→ **Required work**
From the first line of the data below through the line holding "Big Data Viewer", output each line exactly and leave the pictures out.

→ **Information shown**
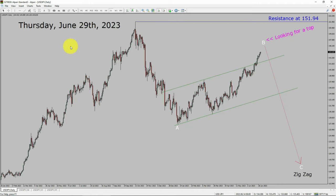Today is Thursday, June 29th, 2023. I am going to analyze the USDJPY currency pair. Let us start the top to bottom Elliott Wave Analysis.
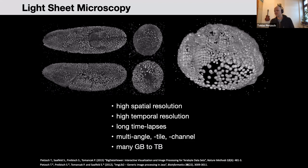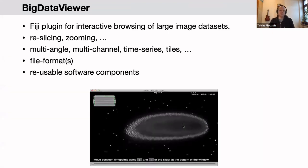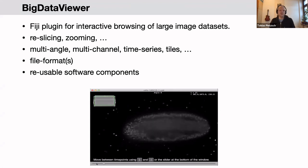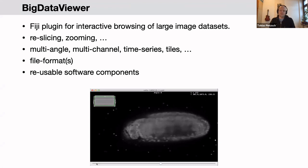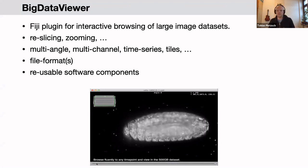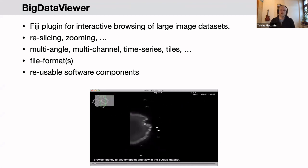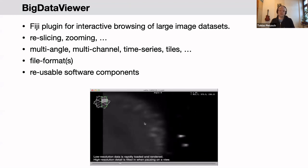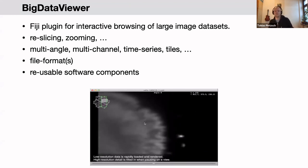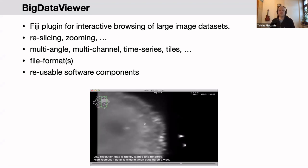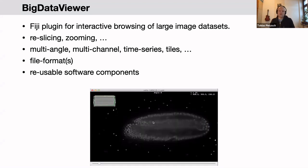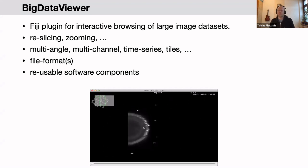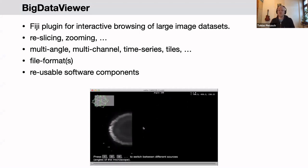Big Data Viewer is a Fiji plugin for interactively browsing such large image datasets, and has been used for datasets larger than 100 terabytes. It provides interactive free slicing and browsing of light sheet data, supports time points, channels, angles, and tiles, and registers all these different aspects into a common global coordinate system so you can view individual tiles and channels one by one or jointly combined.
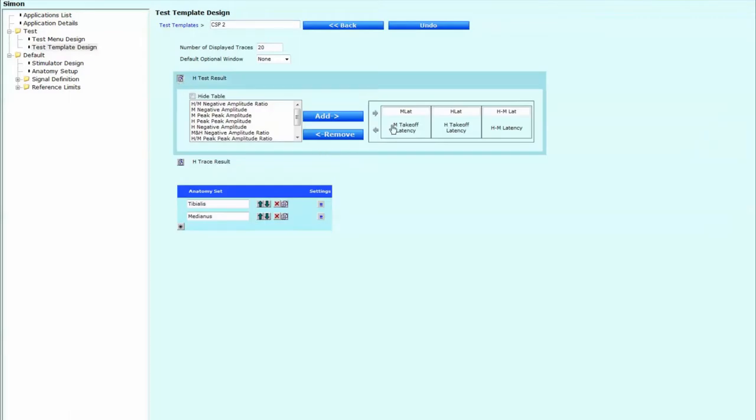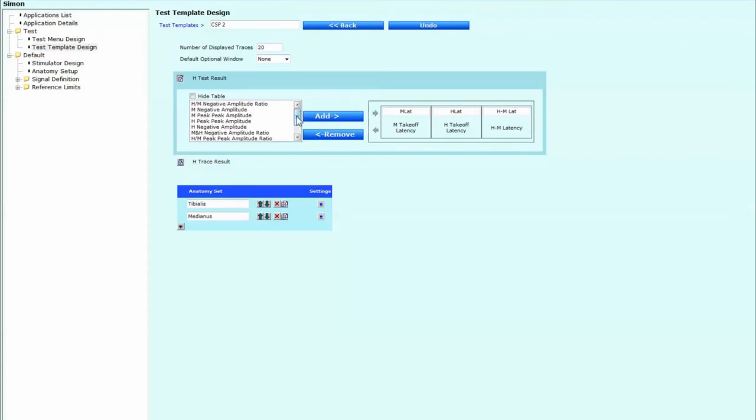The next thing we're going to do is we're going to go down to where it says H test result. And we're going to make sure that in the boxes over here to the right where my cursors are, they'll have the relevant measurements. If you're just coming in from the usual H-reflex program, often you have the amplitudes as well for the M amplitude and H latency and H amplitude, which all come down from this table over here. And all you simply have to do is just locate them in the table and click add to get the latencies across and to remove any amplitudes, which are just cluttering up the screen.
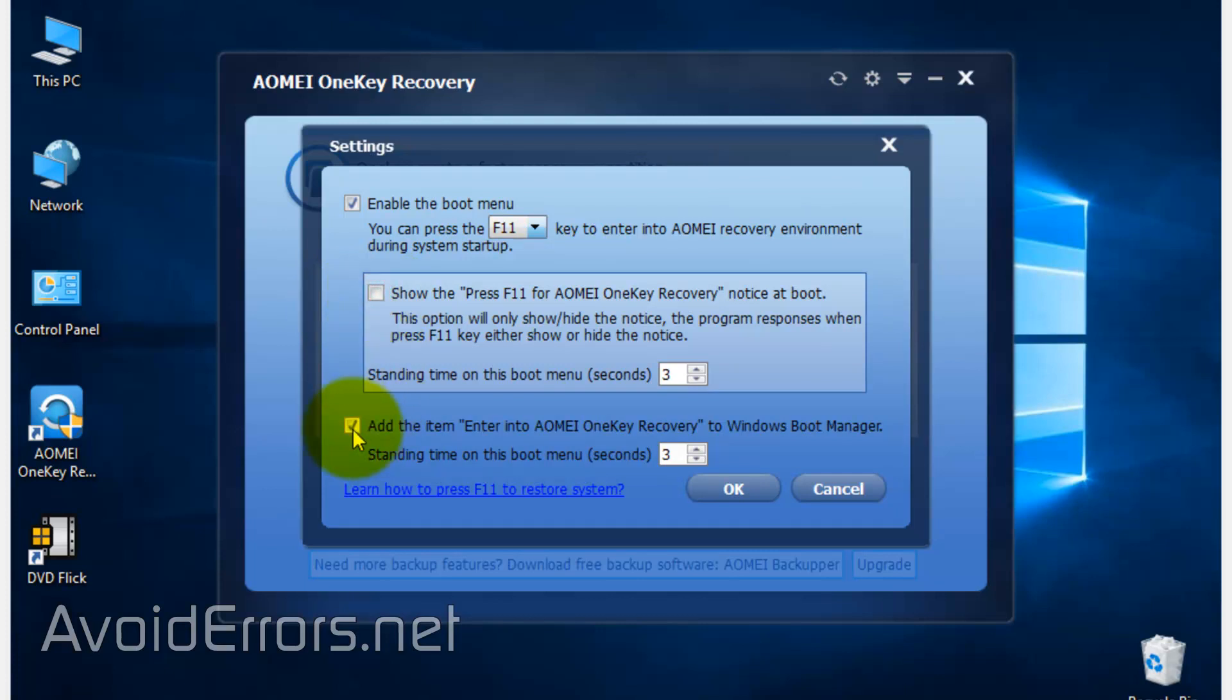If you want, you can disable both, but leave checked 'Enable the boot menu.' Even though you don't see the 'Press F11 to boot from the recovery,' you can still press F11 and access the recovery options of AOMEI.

→ **Answer box**
Today is Thursday, June 29th, 2023. I am going to analyze the USDJPY currency pair. Let us start the top to bottom Elliott Wave Analysis.
Big Data Viewer is a Fiji plugin for interactively browsing such large image datasets, and has been used for datasets larger than 100 terabytes. It provides interactive free slicing and browsing of light sheet data, supports time points, channels, angles, and tiles, and registers all these different aspects into a common global coordinate system so you can view individual tiles and channels one by one or jointly combined.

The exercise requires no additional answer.